→ **Problem description**:
Retyping the records exactly is the whole task.

→ **Collection entries**:
Content starts

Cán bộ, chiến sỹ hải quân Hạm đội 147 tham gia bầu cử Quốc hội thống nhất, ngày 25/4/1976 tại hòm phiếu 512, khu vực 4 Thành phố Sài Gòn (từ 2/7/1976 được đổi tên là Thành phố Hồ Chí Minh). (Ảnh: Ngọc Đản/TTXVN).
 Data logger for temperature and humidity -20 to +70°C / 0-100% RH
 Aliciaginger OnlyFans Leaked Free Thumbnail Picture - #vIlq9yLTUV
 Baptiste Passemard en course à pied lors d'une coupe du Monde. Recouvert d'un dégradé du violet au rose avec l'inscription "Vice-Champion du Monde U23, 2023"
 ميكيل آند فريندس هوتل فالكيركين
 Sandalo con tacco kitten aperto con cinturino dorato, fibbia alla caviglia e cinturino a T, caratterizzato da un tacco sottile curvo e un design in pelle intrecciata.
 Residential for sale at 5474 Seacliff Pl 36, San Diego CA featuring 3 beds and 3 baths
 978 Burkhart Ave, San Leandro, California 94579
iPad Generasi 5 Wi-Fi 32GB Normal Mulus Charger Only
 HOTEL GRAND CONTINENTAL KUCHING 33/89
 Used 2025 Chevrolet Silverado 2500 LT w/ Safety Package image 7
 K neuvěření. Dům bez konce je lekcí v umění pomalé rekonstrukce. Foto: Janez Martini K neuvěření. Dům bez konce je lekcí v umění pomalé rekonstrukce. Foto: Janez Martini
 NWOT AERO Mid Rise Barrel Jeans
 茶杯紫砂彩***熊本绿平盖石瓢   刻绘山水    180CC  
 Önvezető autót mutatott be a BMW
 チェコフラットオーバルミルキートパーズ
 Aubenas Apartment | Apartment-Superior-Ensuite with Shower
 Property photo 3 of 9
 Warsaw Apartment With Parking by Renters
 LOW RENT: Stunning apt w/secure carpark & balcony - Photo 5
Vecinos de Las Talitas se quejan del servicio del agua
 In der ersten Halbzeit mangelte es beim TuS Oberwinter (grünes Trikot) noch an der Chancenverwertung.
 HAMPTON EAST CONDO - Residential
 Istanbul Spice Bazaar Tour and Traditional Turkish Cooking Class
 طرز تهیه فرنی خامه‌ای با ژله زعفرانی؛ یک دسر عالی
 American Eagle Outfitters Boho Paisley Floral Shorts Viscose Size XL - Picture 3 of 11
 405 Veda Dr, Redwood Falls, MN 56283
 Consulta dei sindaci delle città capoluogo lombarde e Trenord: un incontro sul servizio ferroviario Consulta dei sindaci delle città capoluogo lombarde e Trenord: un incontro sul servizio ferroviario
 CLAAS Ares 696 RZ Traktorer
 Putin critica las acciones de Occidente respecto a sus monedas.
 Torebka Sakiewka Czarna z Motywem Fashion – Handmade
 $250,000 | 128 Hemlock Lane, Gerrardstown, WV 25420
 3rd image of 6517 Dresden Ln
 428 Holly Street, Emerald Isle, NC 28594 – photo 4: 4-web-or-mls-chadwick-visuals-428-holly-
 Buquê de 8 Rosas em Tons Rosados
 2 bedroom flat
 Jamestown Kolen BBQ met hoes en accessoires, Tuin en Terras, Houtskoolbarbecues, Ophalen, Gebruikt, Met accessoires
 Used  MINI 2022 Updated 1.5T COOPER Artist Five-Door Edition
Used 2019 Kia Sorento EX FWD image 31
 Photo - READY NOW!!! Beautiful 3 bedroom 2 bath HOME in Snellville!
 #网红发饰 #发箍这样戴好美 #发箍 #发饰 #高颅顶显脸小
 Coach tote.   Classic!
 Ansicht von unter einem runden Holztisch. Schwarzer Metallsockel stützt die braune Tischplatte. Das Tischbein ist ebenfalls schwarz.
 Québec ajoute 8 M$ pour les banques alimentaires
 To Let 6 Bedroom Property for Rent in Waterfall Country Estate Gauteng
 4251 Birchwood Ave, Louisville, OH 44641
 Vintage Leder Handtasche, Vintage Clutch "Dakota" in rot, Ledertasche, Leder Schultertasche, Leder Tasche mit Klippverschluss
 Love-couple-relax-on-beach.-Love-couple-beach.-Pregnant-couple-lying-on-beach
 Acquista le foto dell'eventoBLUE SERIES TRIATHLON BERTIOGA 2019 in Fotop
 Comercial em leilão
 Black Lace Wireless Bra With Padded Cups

Content ends

→ **Written solution**:
Cán bộ, chiến sỹ hải quân Hạm đội 147 tham gia bầu cử Quốc hội thống nhất, ngày 25/4/1976 tại hòm phiếu 512, khu vực 4 Thành phố Sài Gòn (từ 2/7/1976 được đổi tên là Thành phố Hồ Chí Minh). (Ảnh: Ngọc Đản/TTXVN).
 Data logger for temperature and humidity -20 to +70°C / 0-100% RH
 Aliciaginger OnlyFans Leaked Free Thumbnail Picture - #vIlq9yLTUV
 Baptiste Passemard en course à pied lors d'une coupe du Monde. Recouvert d'un dégradé du violet au rose avec l'inscription "Vice-Champion du Monde U23, 2023"
 ميكيل آند فريندس هوتل فالكيركين
 Sandalo con tacco kitten aperto con cinturino dorato, fibbia alla caviglia e cinturino a T, caratterizzato da un tacco sottile curvo e un design in pelle intrecciata.
 Residential for sale at 5474 Seacliff Pl 36, San Diego CA featuring 3 beds and 3 baths
 978 Burkhart Ave, San Leandro, California 94579
iPad Generasi 5 Wi-Fi 32GB Normal Mulus Charger Only
 HOTEL GRAND CONTINENTAL KUCHING 33/89
 Used 2025 Chevrolet Silverado 2500 LT w/ Safety Package image 7
 K neuvěření. Dům bez konce je lekcí v umění pomalé rekonstrukce. Foto: Janez Martini K neuvěření. Dům bez konce je lekcí v umění pomalé rekonstrukce. Foto: Janez Martini
 NWOT AERO Mid Rise Barrel Jeans
 茶杯紫砂彩***熊本绿平盖石瓢   刻绘山水    180CC  
 Önvezető autót mutatott be a BMW
 チェコフラットオーバルミルキートパーズ
 Aubenas Apartment | Apartment-Superior-Ensuite with Shower
 Property photo 3 of 9
 Warsaw Apartment With Parking by Renters
 LOW RENT: Stunning apt w/secure carpark & balcony - Photo 5
Vecinos de Las Talitas se quejan del servicio del agua
 In der ersten Halbzeit mangelte es beim TuS Oberwinter (grünes Trikot) noch an der Chancenverwertung.
 HAMPTON EAST CONDO - Residential
 Istanbul Spice Bazaar Tour and Traditional Turkish Cooking Class
 طرز تهیه فرنی خامه‌ای با ژله زعفرانی؛ یک دسر عالی
 American Eagle Outfitters Boho Paisley Floral Shorts Viscose Size XL - Picture 3 of 11
 405 Veda Dr, Redwood Falls, MN 56283
 Consulta dei sindaci delle città capoluogo lombarde e Trenord: un incontro sul servizio ferroviario Consulta dei sindaci delle città capoluogo lombarde e Trenord: un incontro sul servizio ferroviario
 CLAAS Ares 696 RZ Traktorer
 Putin critica las acciones de Occidente respecto a sus monedas.
 Torebka Sakiewka Czarna z Motywem Fashion – Handmade
 $250,000 | 128 Hemlock Lane, Gerrardstown, WV 25420
 3rd image of 6517 Dresden Ln
 428 Holly Street, Emerald Isle, NC 28594 – photo 4: 4-web-or-mls-chadwick-visuals-428-holly-
 Buquê de 8 Rosas em Tons Rosados
 2 bedroom flat
 Jamestown Kolen BBQ met hoes en accessoires, Tuin en Terras, Houtskoolbarbecues, Ophalen, Gebruikt, Met accessoires
 Used  MINI 2022 Updated 1.5T COOPER Artist Five-Door Edition
Used 2019 Kia Sorento EX FWD image 31
 Photo - READY NOW!!! Beautiful 3 bedroom 2 bath HOME in Snellville!
 #网红发饰 #发箍这样戴好美 #发箍 #发饰 #高颅顶显脸小
 Coach tote.   Classic!
 Ansicht von unter einem runden Holztisch. Schwarzer Metallsockel stützt die braune Tischplatte. Das Tischbein ist ebenfalls schwarz.
 Québec ajoute 8 M$ pour les banques alimentaires
 To Let 6 Bedroom Property for Rent in Waterfall Country Estate Gauteng
 4251 Birchwood Ave, Louisville, OH 44641
 Vintage Leder Handtasche, Vintage Clutch "Dakota" in rot, Ledertasche, Leder Schultertasche, Leder Tasche mit Klippverschluss
 Love-couple-relax-on-beach.-Love-couple-beach.-Pregnant-couple-lying-on-beach
 Acquista le foto dell'eventoBLUE SERIES TRIATHLON BERTIOGA 2019 in Fotop
 Comercial em leilão
 Black Lace Wireless Bra With Padded Cups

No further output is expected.